Centrum and One-A-Day also offer children's formulas. Centrum Kids Complete (*Est. $14 for 180 tablets) and One-A-Day Kids Jolly Rancher Multivitamin Gummies (*Est. $7.50 for 60 gummies) have label directions based on age group. The nutrient amounts are similar, with the exception of vitamin K, iron and added minerals such as manganese, chromium and molybdenum in Centrum. Experts say these extras probably aren't necessary and only add to the total cost. The Centrum Kids multi comes in sweetened, chewable cartoon shapes, while the One-A-Day Kids is available in chewable gummies.
Some natural health experts are concerned about specific ingredients in children's multivitamins. Joseph Mercola, D.O., an osteopathic physician, highlights several on his website, including the artificial sweetener aspartame, synthetic food colorings and hydrogenated vegetable oil, which can contain trans fat. He urges parents to look for vitamins without these ingredients, but it should be noted that he also plugs his own product, Dr. Mercola Children's Chewables Multivitamin (*Est. $45 for 180 tablets). Unfortunately, this multivitamin hasn't been tested by ConsumerLab.com or ConsumerReports.org.

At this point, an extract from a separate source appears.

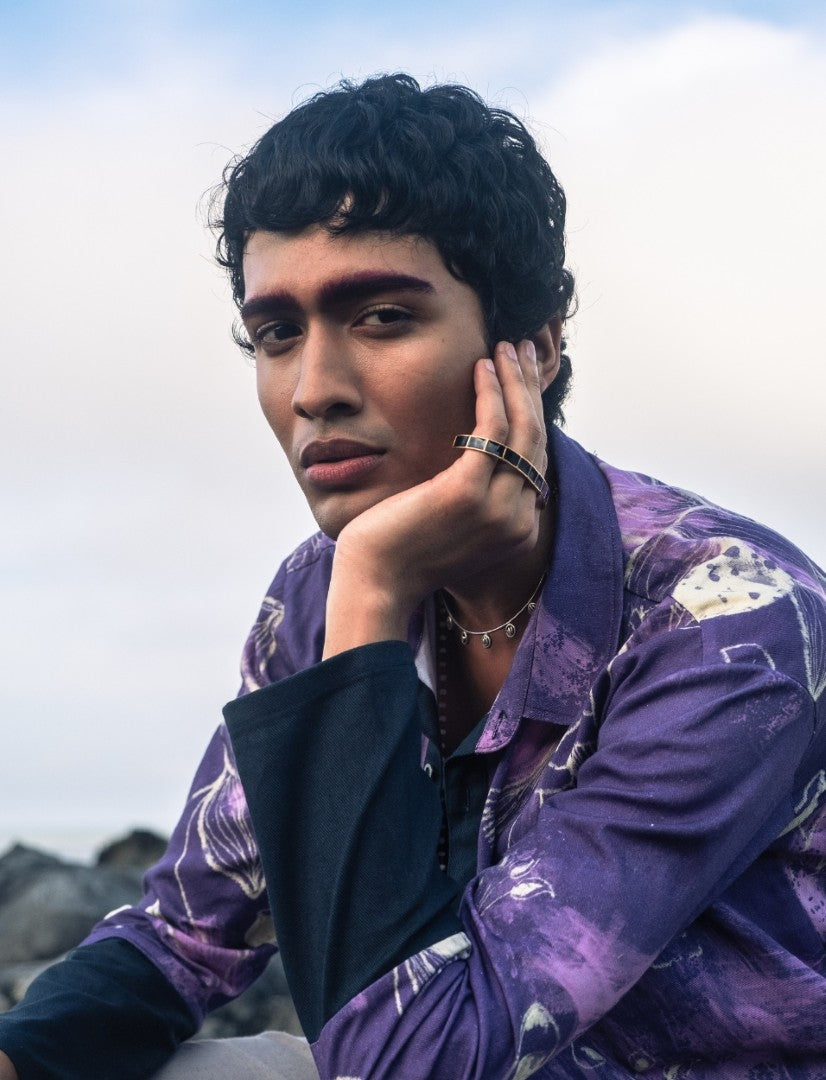 Young man with curly hair wearing a purple patterned jacket and jewelry, resting his face on his hand outdoors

Sold at Trader Joe's stores, Trader Darwin's Children's Chewable Vitamins were tested by ConsumerLab.com in its 2010 review. Results show that the multis exceed the UL for niacin and contain 5,000 IU of vitamin A as retinol, which is higher than the upper intake level of 3,000 IU.
If you decide to supplement your child's diet, treat multivitamins as you would any medication: Make sure the container is childproof and never give your child more than the recommended dose. A 2006 article published in the journal Pediatrics looked at the risk of vitamin A toxicity from "candy-like chewable vitamin supplements" designed for children. An overdose of vitamin A can lead to headaches, blurry vision, vomiting and hair loss. Overall, researchers say these vitamins must be "treated with extreme care when at home."